Pernyataan Soeharto dibalas oleh para senior, terutama purnawirawan TNI dan Polri. Ali Sadikin, Hoegeng, Mayjen (Purn) Aziz Saleh dkk kemudian mengundang AY Mokoginta dan M Yassin dari FKS Purna Yudha. Mereka merancang petisi yang dinamai Surat Keprihatinan. Surat itu ditandatangani pada 5 Mei 1980. Sejumlah tokoh bangsa yang ikut andatangan, antara lain: Syafrudin Prawiranegara, Kasman Singodimejo, M Natsir, dan Slamet Bratanata.
Ada 50 orang yang ikut menandatangani surat keprihatinan, maka dinamai Petisi 50. Surat itu dikirim ke DPR dan meminta lembaga legislatif menanggapinya.  Sejumlah anggota DPR dari F-PP dan F-PDI memimta Syafrudin Prawiranegara, Kasman Singodimejo, M Natsir, Slamet Bratanata, pimpinan DPR meneruskan pertanyaan kepada pemerintah.  
Lalu, pada 14 Juni 1980, Ketua DPR Daryatmo meneruskan pertanyaan itu kepada Presiden. Dua bulan kemudian, Presiden Soeharto menjawab melalui Menteri/Sekretaris Negara, Sudharmono.  Namun  dianggap oleh kelompok Petisi 50 bukan merupakan jawaban. Ali Sadikin dkk menganggap persoalan belum selesai.
"Apa yang dilakukan oleh mereka yang menamakan diri Petisi 50, tidak saya sukai," kata Pak Harto dalam otobiografi ‘Soeharto: Pikiran, Ucapan, dan Tindakan Saya’.
Perang pun dimulai. Pemerintah Soeharto mencekal (cegah tangkal) ke luar negeri bagi semua anggota Petisi 50 yang tidak bersedia mencabut pernyataannya. Bukan cuma itu, sejumlah hak perdatanya juga ditutup. Misalnya, Ali Sadikin tidak bisa mendapat kredit dari bank.  Perusahannya, PT Arkalina terpaksa ditutup.
Ayah Ton


Konflik antara Presiden Soeharto dengan kelompok Petisi 50 terus berlanjut. Puncaknya pada 1984. Terjadi peristiwa Tanjung Priok dan pengeboman Bank BCA di Jakarta. Dua peristiwa itu menjadi pintu masuk bagi rezim Soeharto memberangus kelompok oposisi, baik Petisi 50 maupun gerakan Islam.
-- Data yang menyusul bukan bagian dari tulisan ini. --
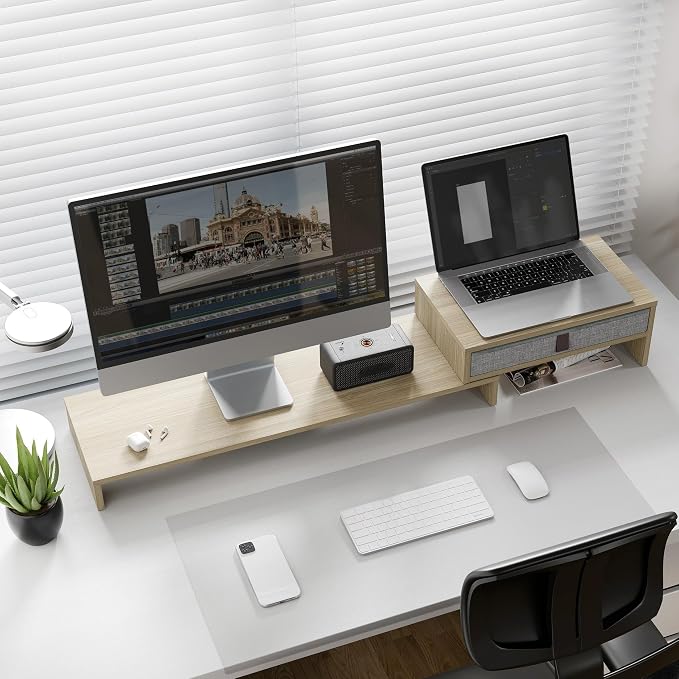 Fenge Triple Monitor Stand with Srorage Drawer, Adjustable Length and Angle | Computer Monitor Riser for 2 or 3 Monitors, Wooden Desktop Laptop Stand, Office Organizer for PC, Screen, Tablet, Oak - Image 4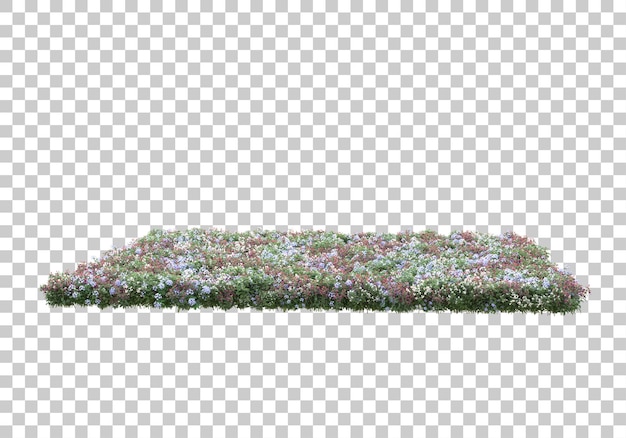 Campo de flores en la ilustración de representación 3d de fondo transparente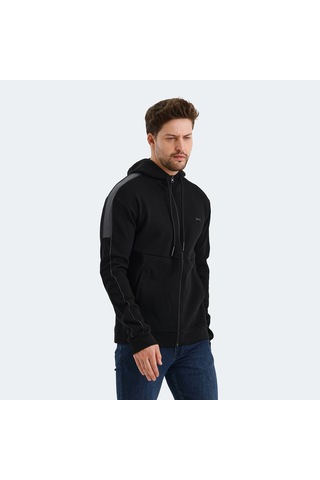 Slazenger VALERYA Erkek Fermuarlı Kapüşonlu Cepli Siyah Sweatshirt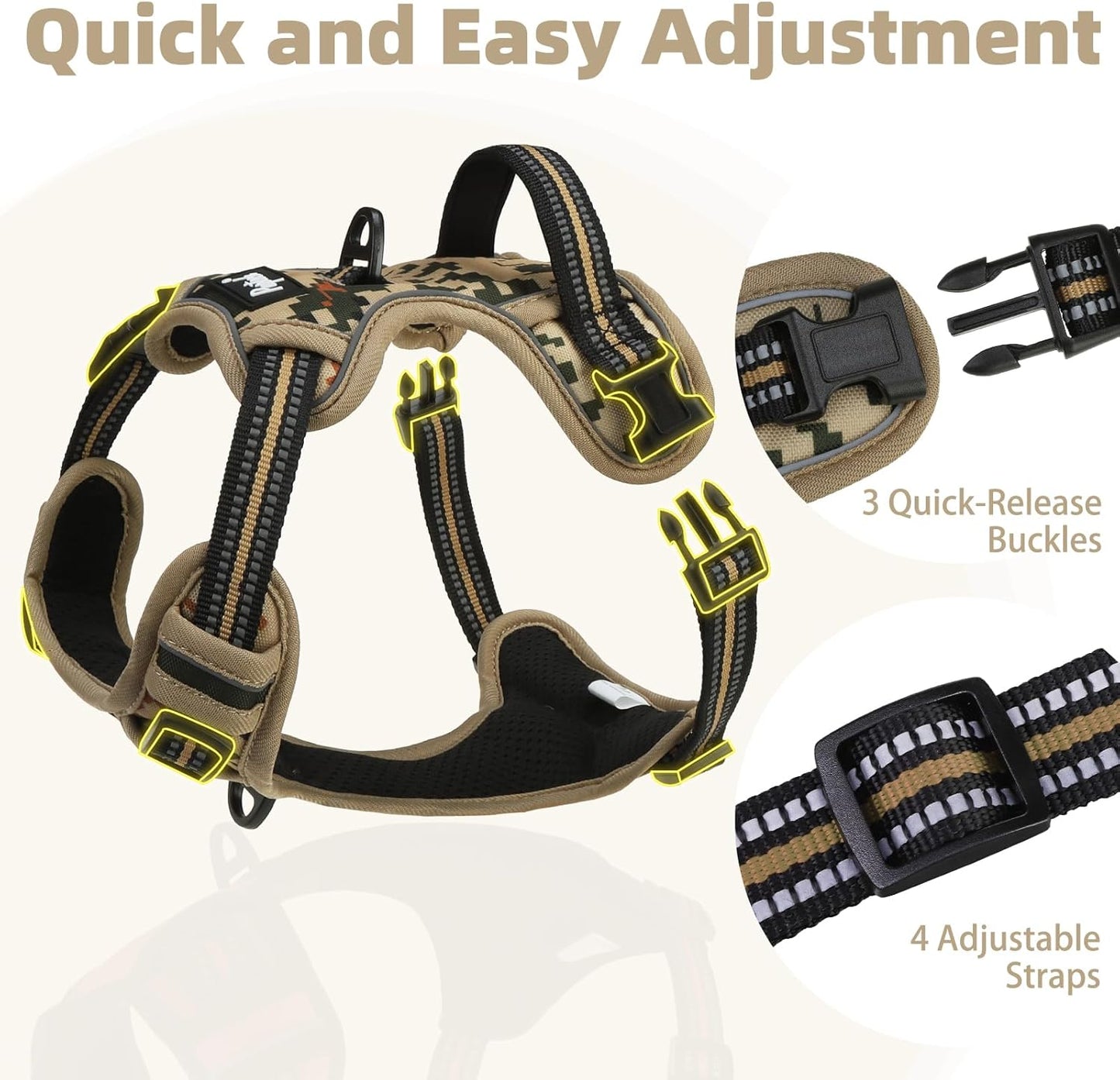 PUPTECK No Pull Dog Harness for Large, Adjustable Reflective Dog Harness with Handle Easy Control, Comfortable Soft Padded Pet Vest Harness for Extra Large Dogs, Camouflage XL
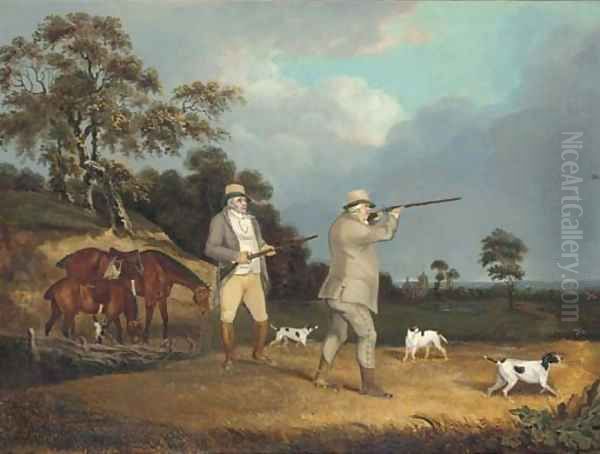 Gentleman shooting partridge, with pointers in a landscape - view 1
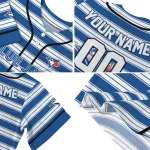 personalized toronto blue jays stripe layers blue white jersey best selling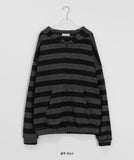 [unisex] Keben Stripe Over Knit Hood Zip-Up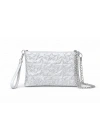 Yıldız Desenli Gümüş Simli Clutch Portföy Çanta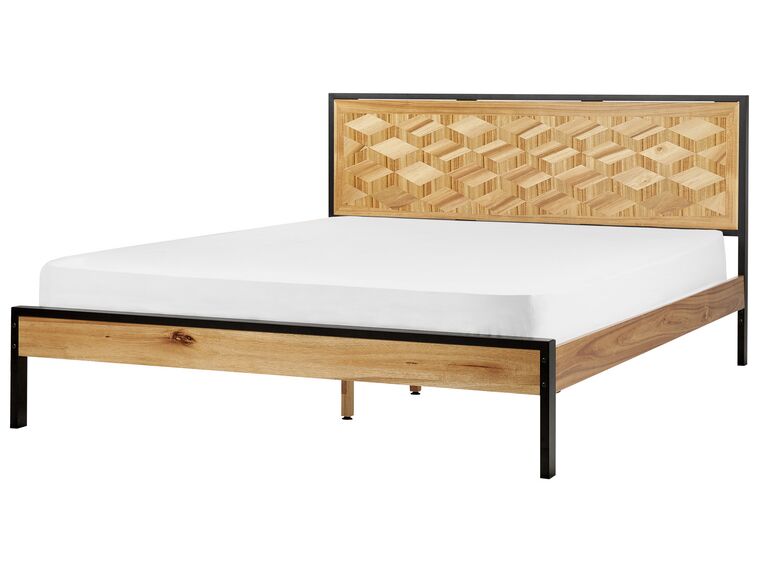 Łóżko 180 x 200 cm jasne drewno ERVILLERS_907962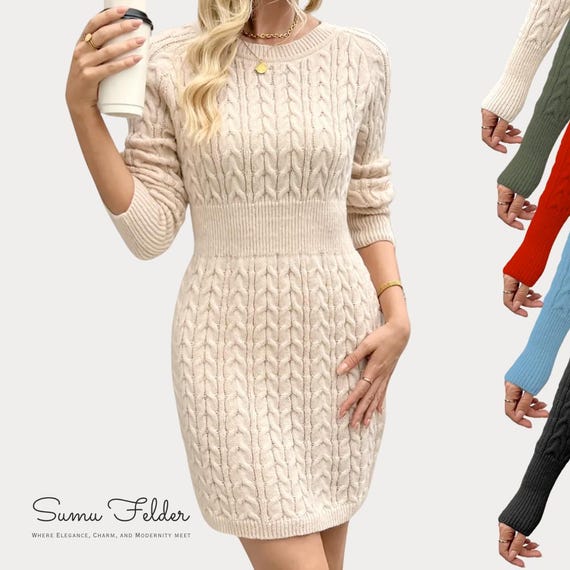 long sleeve green velvet bodycon dress Turtleneck Ribbed Knit Bodycon Dress – WearWest main image 1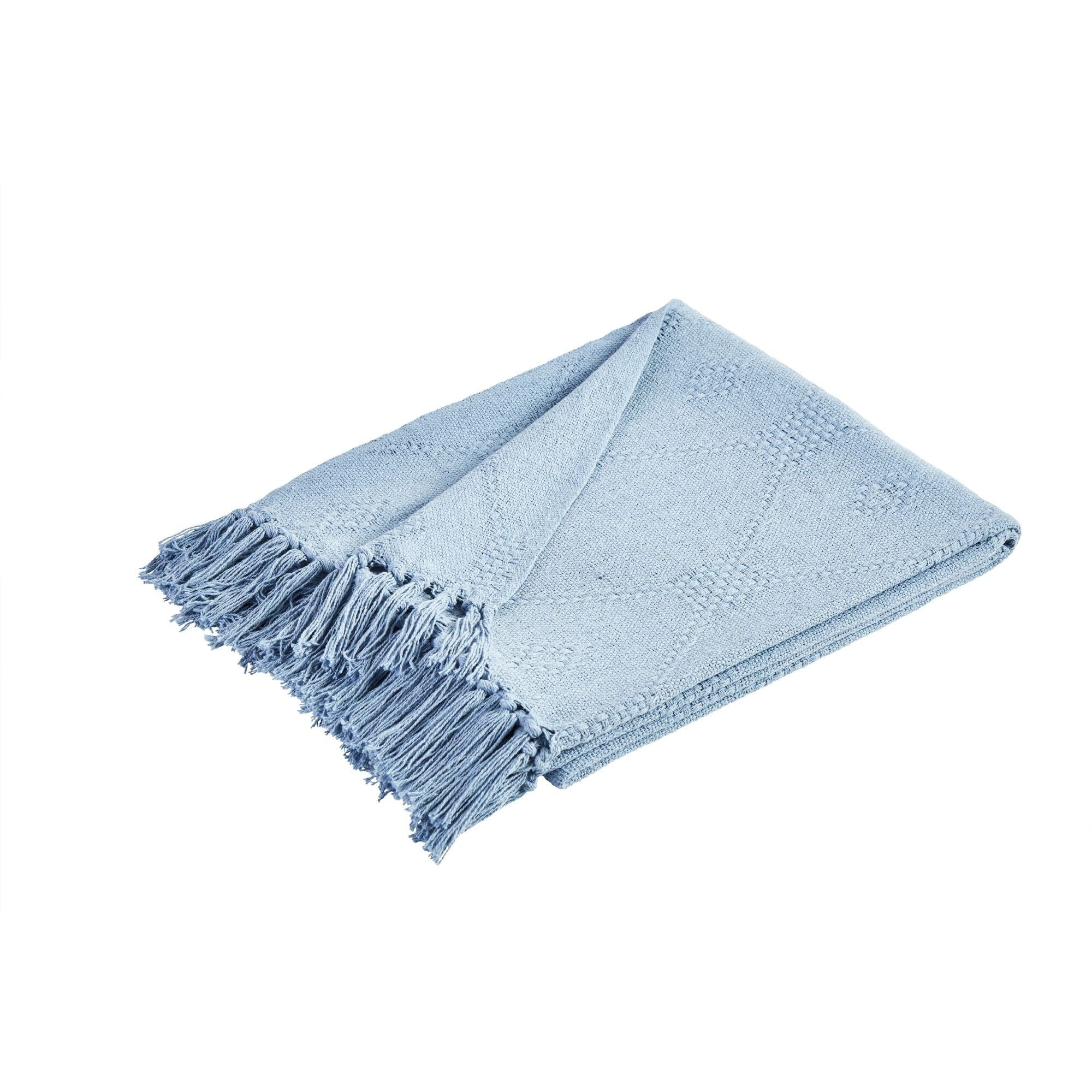 Picture of Benjara BM231551 Lyon Fabric Throw with Textured Waffle Weave Design the Urban Port&#44; Blue - Set of 2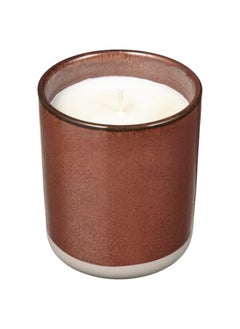 اشتري Scented candle in ceramic jar, amber & rose/red/brown, 45 hr في السعودية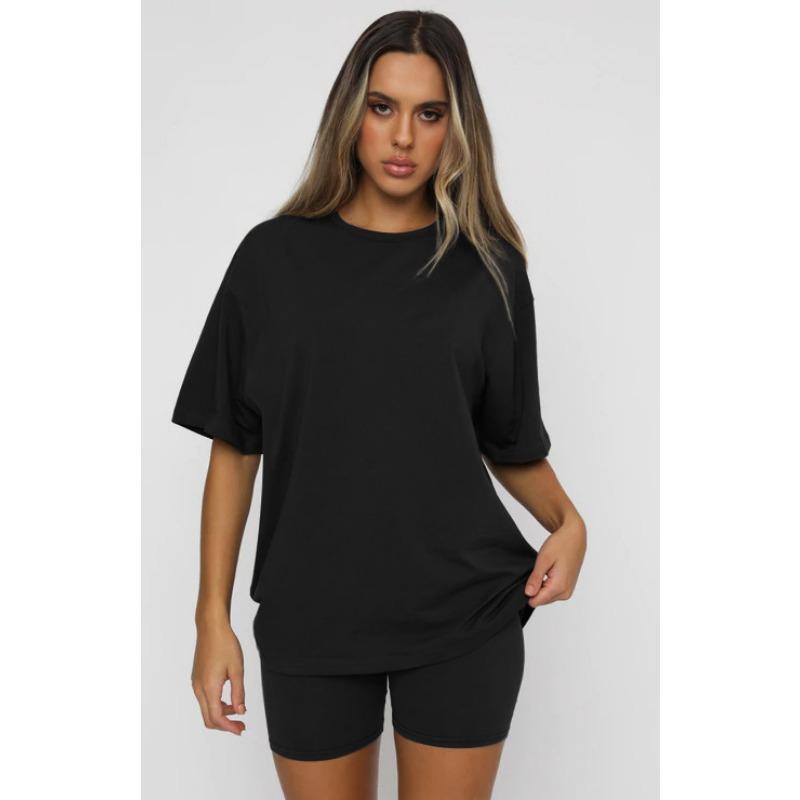 Летняя женская футболка больших размеров, однотонный пуловер с короткими рукавами и круглым вырезом, повседневные шорты, модный костюм с шортами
Dua tokoh Petisi 50, mantan Menteri Perindustrian (1966-1968) M Sanusi dan Letjen (Purn) HR Dharsono ditangkap Kopkamtib. Keduanya dituduh terkait pengeboman itu.  Sanusi dituduh sebagai koordinator para pelaku teror yang melakukan pengeboman dan gerakan makar lainnya. 

Dalam persidangan terungkap, adanya rekayasa terhadap peran Sanusi. Para saksi mencabut kesaksian mereka dalam Berita Acara Pemeriksaan (BAP). Mereka mengaku diintimidasi dan disiksa di penjara saat membuat BAP.  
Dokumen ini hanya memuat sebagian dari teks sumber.